> **The problem**
After finding the line containing "Used Audi A8" below, please output that line and each following one through the line containing "Vaizdas iš viršaus: Gintaro g. 20, Tauragė", exactly as written.

> **Supplied information**
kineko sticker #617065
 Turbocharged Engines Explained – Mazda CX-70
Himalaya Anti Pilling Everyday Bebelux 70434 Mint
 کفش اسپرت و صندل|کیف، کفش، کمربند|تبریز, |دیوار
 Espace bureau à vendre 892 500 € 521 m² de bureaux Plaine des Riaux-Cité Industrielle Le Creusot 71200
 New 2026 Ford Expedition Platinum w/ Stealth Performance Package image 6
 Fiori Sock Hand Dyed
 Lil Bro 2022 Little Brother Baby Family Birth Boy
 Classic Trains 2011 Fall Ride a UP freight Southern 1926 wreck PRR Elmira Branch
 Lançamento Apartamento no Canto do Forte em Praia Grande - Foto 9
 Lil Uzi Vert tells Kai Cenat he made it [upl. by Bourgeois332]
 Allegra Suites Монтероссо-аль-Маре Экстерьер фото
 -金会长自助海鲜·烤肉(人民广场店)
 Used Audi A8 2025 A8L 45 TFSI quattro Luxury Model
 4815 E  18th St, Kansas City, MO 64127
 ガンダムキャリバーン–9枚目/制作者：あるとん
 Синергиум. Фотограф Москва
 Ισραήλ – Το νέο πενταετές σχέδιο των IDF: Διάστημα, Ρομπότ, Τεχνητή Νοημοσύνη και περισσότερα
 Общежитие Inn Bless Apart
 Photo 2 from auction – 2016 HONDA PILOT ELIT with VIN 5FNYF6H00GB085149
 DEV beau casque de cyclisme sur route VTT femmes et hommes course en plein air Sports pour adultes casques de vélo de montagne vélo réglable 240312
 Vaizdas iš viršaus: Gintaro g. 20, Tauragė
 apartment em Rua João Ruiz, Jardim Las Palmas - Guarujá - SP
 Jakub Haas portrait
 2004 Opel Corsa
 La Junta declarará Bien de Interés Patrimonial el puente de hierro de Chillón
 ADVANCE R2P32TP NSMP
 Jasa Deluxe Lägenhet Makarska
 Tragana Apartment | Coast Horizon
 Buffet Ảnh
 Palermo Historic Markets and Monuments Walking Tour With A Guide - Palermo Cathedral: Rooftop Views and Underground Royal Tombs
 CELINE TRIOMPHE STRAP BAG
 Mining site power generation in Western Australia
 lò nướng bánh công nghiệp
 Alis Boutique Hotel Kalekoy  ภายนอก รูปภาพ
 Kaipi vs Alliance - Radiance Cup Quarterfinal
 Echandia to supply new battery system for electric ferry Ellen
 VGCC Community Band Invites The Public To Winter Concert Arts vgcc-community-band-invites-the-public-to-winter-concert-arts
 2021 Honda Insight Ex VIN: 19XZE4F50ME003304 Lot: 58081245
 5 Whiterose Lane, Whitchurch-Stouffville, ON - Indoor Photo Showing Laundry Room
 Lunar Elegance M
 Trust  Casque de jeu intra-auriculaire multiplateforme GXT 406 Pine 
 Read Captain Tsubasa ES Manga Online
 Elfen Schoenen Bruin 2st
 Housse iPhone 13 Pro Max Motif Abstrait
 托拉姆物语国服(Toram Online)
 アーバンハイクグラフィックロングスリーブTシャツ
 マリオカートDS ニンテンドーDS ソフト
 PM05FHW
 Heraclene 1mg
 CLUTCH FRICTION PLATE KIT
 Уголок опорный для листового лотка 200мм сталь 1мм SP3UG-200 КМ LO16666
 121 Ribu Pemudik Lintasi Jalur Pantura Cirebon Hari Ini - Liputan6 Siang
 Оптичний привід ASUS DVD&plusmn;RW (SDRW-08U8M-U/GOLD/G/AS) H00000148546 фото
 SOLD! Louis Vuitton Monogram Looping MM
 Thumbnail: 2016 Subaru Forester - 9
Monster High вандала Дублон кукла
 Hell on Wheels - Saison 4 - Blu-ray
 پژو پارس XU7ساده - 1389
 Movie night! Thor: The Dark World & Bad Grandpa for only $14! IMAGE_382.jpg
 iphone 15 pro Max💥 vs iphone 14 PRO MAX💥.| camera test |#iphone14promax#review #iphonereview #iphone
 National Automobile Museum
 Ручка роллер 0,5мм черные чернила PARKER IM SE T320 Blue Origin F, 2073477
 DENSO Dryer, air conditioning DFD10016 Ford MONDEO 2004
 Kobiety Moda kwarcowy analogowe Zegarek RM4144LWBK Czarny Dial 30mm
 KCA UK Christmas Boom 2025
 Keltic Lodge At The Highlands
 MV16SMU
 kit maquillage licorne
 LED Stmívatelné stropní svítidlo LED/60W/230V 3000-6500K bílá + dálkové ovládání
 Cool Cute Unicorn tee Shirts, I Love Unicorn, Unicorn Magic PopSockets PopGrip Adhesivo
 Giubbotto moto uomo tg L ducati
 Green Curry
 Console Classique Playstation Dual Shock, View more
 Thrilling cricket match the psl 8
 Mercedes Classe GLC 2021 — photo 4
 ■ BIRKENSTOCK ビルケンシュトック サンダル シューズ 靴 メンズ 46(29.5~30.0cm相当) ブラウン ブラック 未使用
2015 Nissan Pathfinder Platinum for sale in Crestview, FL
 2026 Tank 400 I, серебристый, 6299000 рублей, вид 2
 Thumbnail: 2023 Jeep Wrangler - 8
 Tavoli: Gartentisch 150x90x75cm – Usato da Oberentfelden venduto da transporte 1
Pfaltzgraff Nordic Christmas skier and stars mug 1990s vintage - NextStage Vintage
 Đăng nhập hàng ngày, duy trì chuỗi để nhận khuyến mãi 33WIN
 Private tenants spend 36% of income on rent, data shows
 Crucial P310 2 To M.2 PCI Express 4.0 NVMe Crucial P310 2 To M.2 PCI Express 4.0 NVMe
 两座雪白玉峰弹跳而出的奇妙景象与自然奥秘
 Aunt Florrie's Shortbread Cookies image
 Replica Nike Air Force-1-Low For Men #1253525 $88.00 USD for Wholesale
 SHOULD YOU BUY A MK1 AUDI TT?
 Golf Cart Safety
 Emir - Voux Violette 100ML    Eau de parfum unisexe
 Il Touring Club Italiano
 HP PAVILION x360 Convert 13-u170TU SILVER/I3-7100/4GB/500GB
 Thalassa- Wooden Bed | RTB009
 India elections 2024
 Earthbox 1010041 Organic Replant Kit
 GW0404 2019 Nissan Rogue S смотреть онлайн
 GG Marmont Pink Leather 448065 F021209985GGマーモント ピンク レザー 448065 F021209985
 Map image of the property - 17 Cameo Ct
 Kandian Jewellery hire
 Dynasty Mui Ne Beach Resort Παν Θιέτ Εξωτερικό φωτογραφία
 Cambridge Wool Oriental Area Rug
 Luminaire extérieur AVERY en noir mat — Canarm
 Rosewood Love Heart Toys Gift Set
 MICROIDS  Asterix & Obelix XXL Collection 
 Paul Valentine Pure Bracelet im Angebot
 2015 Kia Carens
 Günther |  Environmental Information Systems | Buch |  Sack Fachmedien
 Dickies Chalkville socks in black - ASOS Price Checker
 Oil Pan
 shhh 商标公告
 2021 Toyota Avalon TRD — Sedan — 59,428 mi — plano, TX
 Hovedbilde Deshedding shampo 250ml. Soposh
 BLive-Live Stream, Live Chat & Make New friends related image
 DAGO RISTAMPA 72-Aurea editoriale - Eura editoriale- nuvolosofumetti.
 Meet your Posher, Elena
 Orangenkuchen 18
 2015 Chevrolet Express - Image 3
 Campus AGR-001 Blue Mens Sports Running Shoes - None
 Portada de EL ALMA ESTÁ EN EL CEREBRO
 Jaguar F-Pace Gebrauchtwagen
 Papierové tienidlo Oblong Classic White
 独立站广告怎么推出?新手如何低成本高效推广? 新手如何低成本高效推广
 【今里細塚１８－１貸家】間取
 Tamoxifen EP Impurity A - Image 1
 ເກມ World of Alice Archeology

> **Written solution**
 Used Audi A8 2025 A8L 45 TFSI quattro Luxury Model
 4815 E  18th St, Kansas City, MO 64127
 ガンダムキャリバーン–9枚目/制作者：あるとん
 Синергиум. Фотограф Москва
 Ισραήλ – Το νέο πενταετές σχέδιο των IDF: Διάστημα, Ρομπότ, Τεχνητή Νοημοσύνη και περισσότερα
 Общежитие Inn Bless Apart
 Photo 2 from auction – 2016 HONDA PILOT ELIT with VIN 5FNYF6H00GB085149
 DEV beau casque de cyclisme sur route VTT femmes et hommes course en plein air Sports pour adultes casques de vélo de montagne vélo réglable 240312
 Vaizdas iš viršaus: Gintaro g. 20, Tauragė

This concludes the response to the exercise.